Broadway Cast, 2017 (Arts Music, 2CDs) 3 out of 5 stars (3 / 5) Jake Gyllenhaal made his name as a movie actor, and became a star in that sphere in such movies as Donnie Darko, Prisoners, Brokeback Mountain, and Nightcrawler before he tackled musical theater in the rapturously received 2015 presentation of Menken and Ashman’s Little Shop of Horrors at New York City Center, following up that success with the equally acclaimed 2017 Broadway revival of Sondheim and Lapine’s Sunday in the Park With George.  On the cast album belatedly yielded by the latter production, Gyllenhaal’s vocal acting is of a very high level, and he brings to the role of George a youthful quality and an underlying charm that go a long way toward making an often exasperating character sympathetic.
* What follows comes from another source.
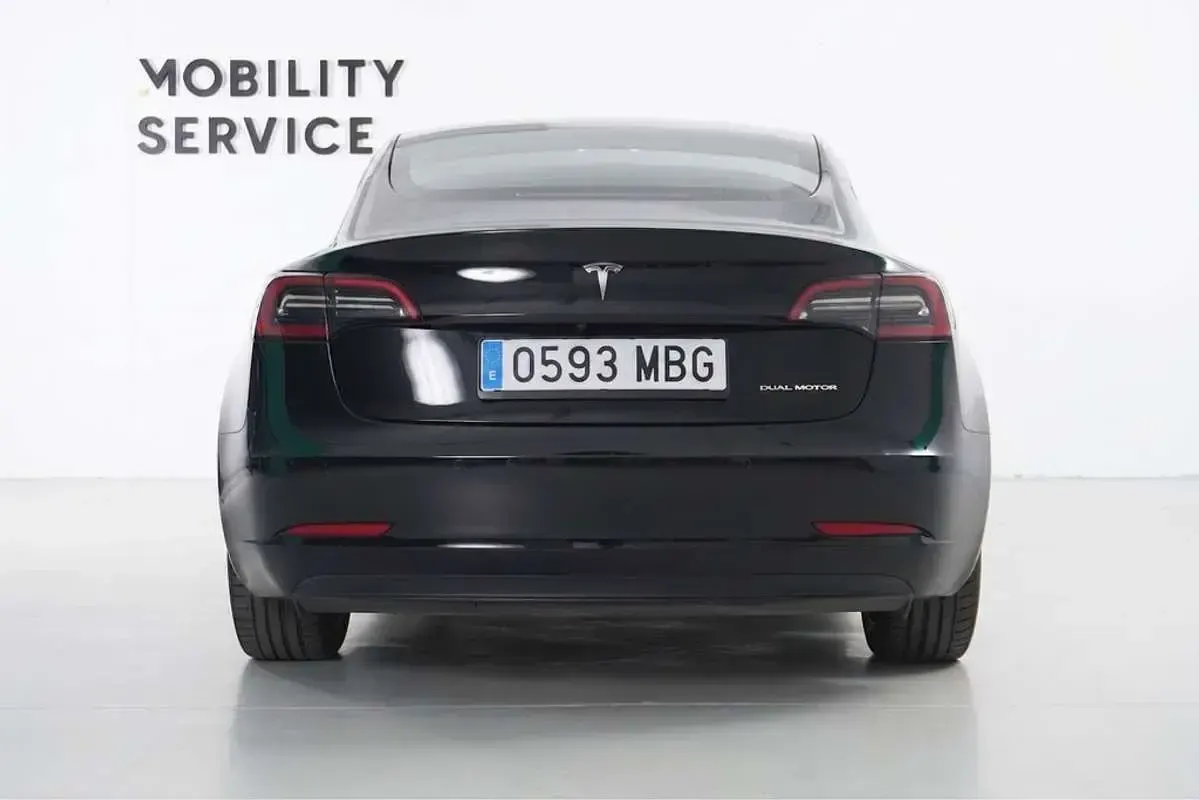 Usado Tesla Model 3 366 kW (498 CV) 2022 Negro Berlina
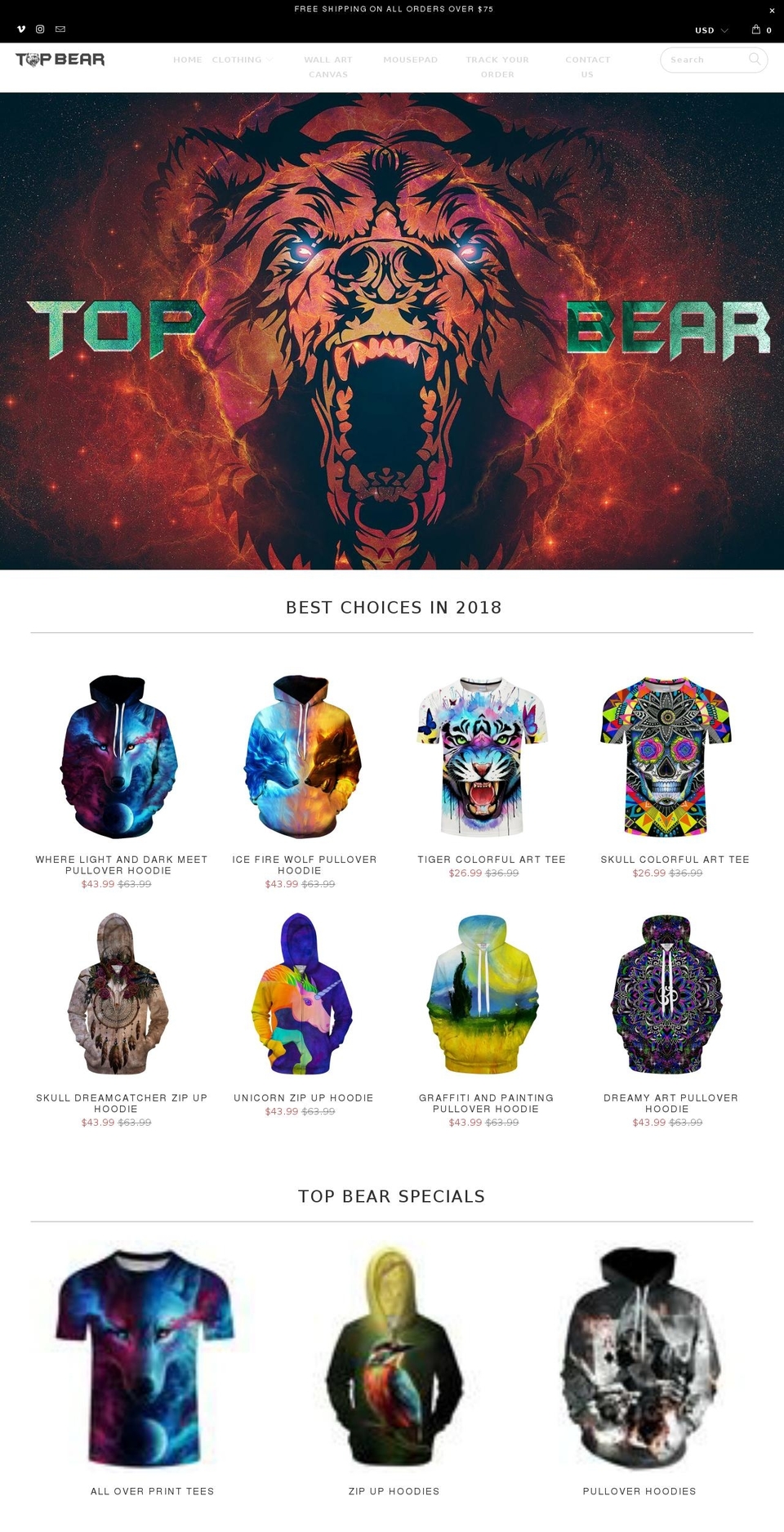 AIOHacks Shopify theme site example aioprint.net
But it must be said that, while his vocal tone is very pleasing, Gyllenhaal has a disconcerting tendency to sing off pitch on sustained notes — sometimes in straight tone, sometimes with a vibrato that turns into more of a wobble. No such issues are present in the singing of Annaleigh Ashford as Dot/Marie; her voice is clear as a bell and rock-solid in pitch, and her performance bursts with personality. The album also features stellar if brief contributions from an A-list supporting cast including Brooks Ashmanskas, Jenni Barber, Phillip Boykin, Erin Davie, Penny Fuller, Robert Sean Leonard, Liz McCartney, Michael McElroy, Ruthie Ann Miles, Ashley Park, and David Turner. The inclusion of quite a bit of spoken dialogue from James Lapine’s often stilted, problematic book for the show on this 2-CD set might be considered a mark against it, especially when you repeatedly listen to all of those lines in which, for some annoying reason, the characters completely eschew the natural use of contractions — e.g., “I guess I did not learn it soon enough….Sometimes he will work all night long.” But of course, any cast album of a Stephen Sondheim show is all about the score, and this one has many pleasures to offer despite the caveats noted. — M.P.